§ TASK ITEM
Each line in the material below, starting at the one with "Casa tipo sobrado" and ending at the one with "Rexroth R900485944 DBETR-1X/315G24K4M", is to be reproduced exactly; no picture is to be copied.

§ DATASET ENTRIES
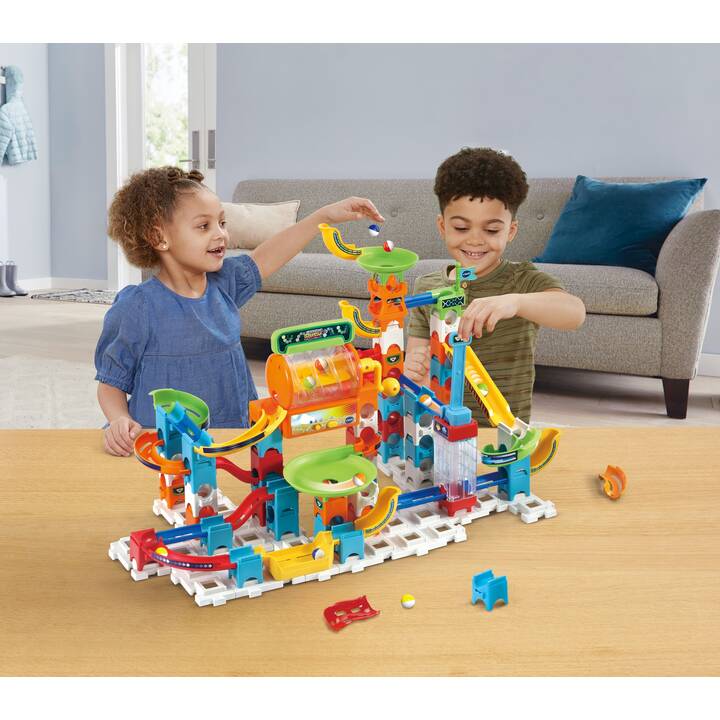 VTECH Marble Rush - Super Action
--
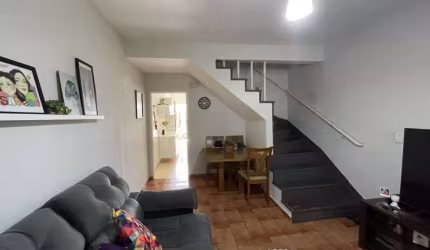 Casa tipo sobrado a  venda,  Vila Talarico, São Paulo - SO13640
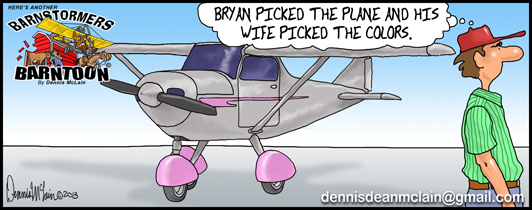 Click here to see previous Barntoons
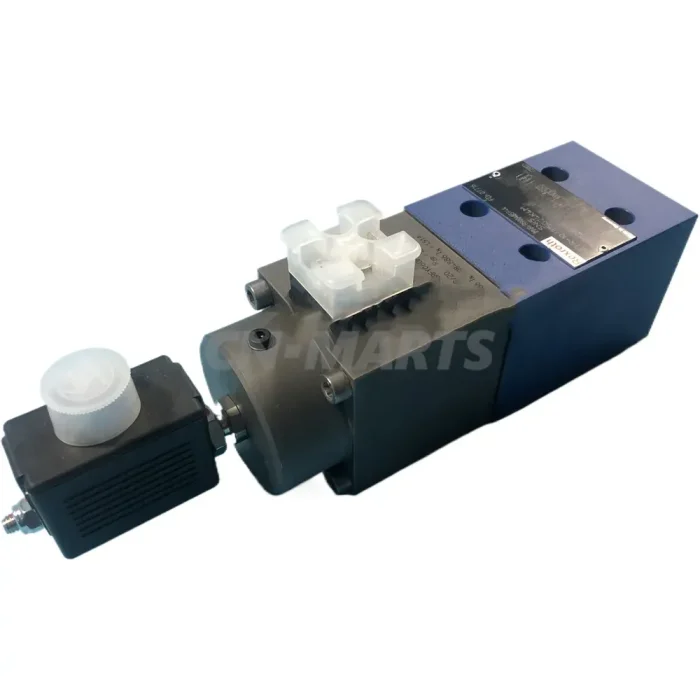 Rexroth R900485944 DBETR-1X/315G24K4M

§ EXERCISE RESULT
 Casa tipo sobrado a  venda,  Vila Talarico, São Paulo - SO13640
 Click here to see previous Barntoons
 Rexroth R900485944 DBETR-1X/315G24K4M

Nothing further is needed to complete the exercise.